How to Optimize PDF Files using a C# PDF API

Chelsea Devereaux - Mar 3 - - Dev Community

Tutorial Concept
Learn how to programmatically reduce PDF file size and improve performance in C# with advanced optimization techniques using a .NET PDF API library.

What You Will Need

  • Document Solutions for PDF NuGet Package
  • .NET 8+

Controls Referenced


As technology advances, optimization is key to improving efficiency. For PDFs, this means reducing file size and removing unused objects, which ensures faster loading, easier sharing, and efficient storage without compromising quality. MESCIUS’ Document Solutions for PDF (DsPdf) API helps developers create, modify, and optimize PDFs programmatically, providing full control over document handling with the CompressionLevel property that allows different compression levels to be set.

In this blog, we’ll explore some additional effective PDF optimization techniques that we can achieve using DsPdf, including:

Eliminating Redundant Images

PDFs often contain duplicate images when the same image appears multiple times across pages, unnecessarily increasing file size. This leads to higher storage needs and difficulty in sharing. By keeping a single instance of an image and referencing it throughout the document, file size can be significantly reduced.

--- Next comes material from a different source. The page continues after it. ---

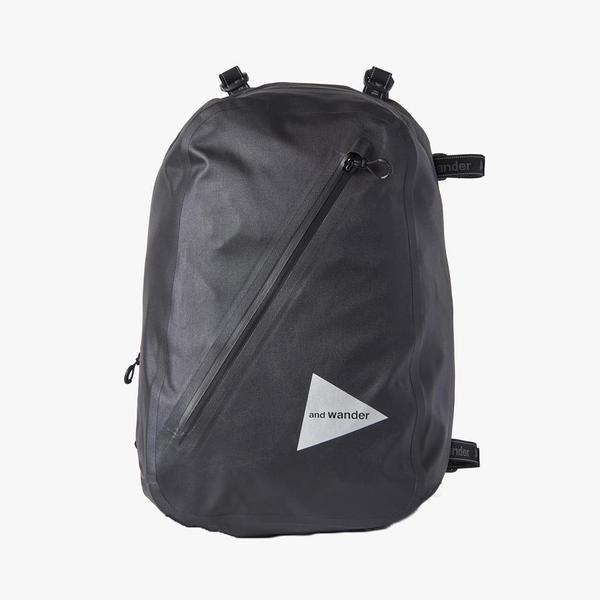 and wander ブラック リュック daypack and wander(アンドワンダー)｜【UNISEX】ECOPAK 20L daypack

DsPdf provides the RemoveDuplicateImages method, which detects and eliminates redundant images from the PDF. An example demonstrating how to use this method is below:

    // Initialize GcPdfDocument.
    GcPdfDocument doc = new GcPdfDocument();

    // Open PDF document in the file stream.
    FileStream fs = File.OpenRead("Invoice.pdf");

    // Load the PDF document.
    doc.Load(fs);

    // Remove duplicate images.
    doc.RemoveDuplicateImages();

    // Save PDF document.
    doc.Save("RemovedDuplicateImages.pdf");
Enter fullscreen mode Exit fullscreen mode

Compression

You can download the sample to remove duplicate images from your PDF.

Optimizing Fonts

Sometimes PDFs can contain unused or duplicate fonts, which occurs when multiple subsets of the same font are embedded. Excessive font data can slow down document processing and consume more storage space. By merging font subsets, file size can be significantly reduced while maintaining text integrity. DsPdf simplifies this with the OptimizeFonts method in the GcPdfDocument class.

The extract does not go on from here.